Morrisons has reported a rise in sales over the Christmas period, as strong figures from the supermarket’s wholesale arm offset sluggish retail growth.
In a trading update, Morrisons reported that group like-for-like sales excluding fuel rose by 3.6 per cent for the nine weeks to 6 January, driven largely by a 3 per cent rise from its wholesale offering.
The wholesale division, which includes tie-ups with McColl’s and Amazon, grew by just 0.7 per cent in the comparable period last year.
Retail sales increased by 0.6 per cent over the festive spell, marking a slowdown on the 2.1 per cent growth seen the year before.
Morrisons said its full-year outlook remains unchanged but did warn of a “change in consumer behaviour”.
Chief executive David Potts said: “This is Morrisons’ fourth consecutive Christmas of like-for-like sales growth during the turnaround.
“Our performance shows colleagues are listening hard and responding to customers, providing consistently great value and good quality when it matters most.
“Morrisons is well set to keep improving the shopping trip and become more and more relevant for more customers.”
The group cited customer satisfaction as an “important measure” of its turnaround progress.
Analysts said the supermarket had delivered good results in a competitive market, but still faced threats from larger rivals, discount supermarkets and online offerings.
Morrisons has this week joined peers in slashing prices as established retailers compete with discounters Aldi and Lidl.
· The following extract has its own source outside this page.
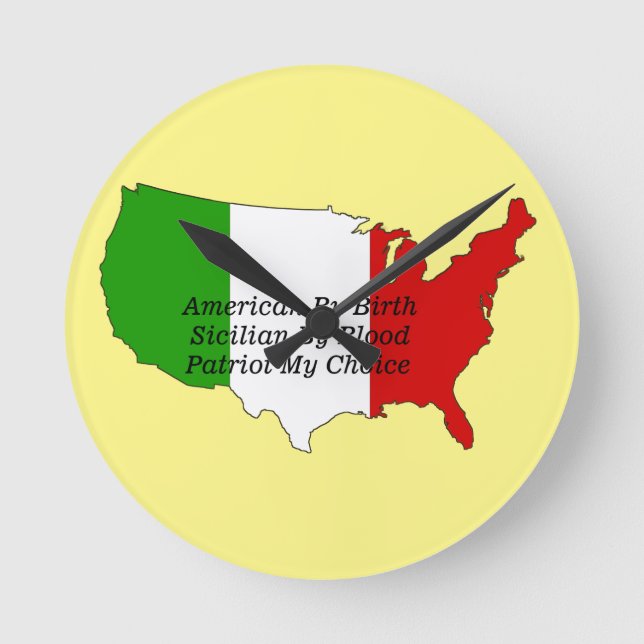 Sicilian American Italian Patriot USA Map  Runde Wanduhr (Vorderseite)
John Moore, senior investment manager at Brewin Dolphin Scotland, said: “The expectation was that this would be a tough festive period for retailers and, by association, for Morrisons; but it has posted a resilient set of figures in a highly competitive market.
“The supermarket pointed to improvements in customer satisfaction as an indicator of the success of its turnaround, which validates the financial investment and redoubled effort that the management team has put in over the last year; but the proof of the Christmas pudding is in its resilient financial performance.
“All eyes will now be on Sainsbury’s and Tesco’s results, which are also due to report this week.”
Sainsbury is scheduled to update the market tomorrow and Tesco on Thursday.
Richard Hunter, head of markets at Interactive Investor, said the figures showed Morrisons was “in good shape”.
However, he added: “Pressure remains on all sides. A resurgent Tesco, the proposed Asda/Sainsbury’s alliance and the continuing advance of Aldi and Lidl (the former of which just announced its best-ever Christmas) all add to a challenging environment.
“Meanwhile, whilst improved, Morrisons still lags in comparison to its larger rivals in the increasingly important channels of online and convenience stores.
“In addition, the figures overall are shy both of analyst expectations as well as the same period last year.
“On the whole, however, Morrisons has a plan and is beginning to deliver it.”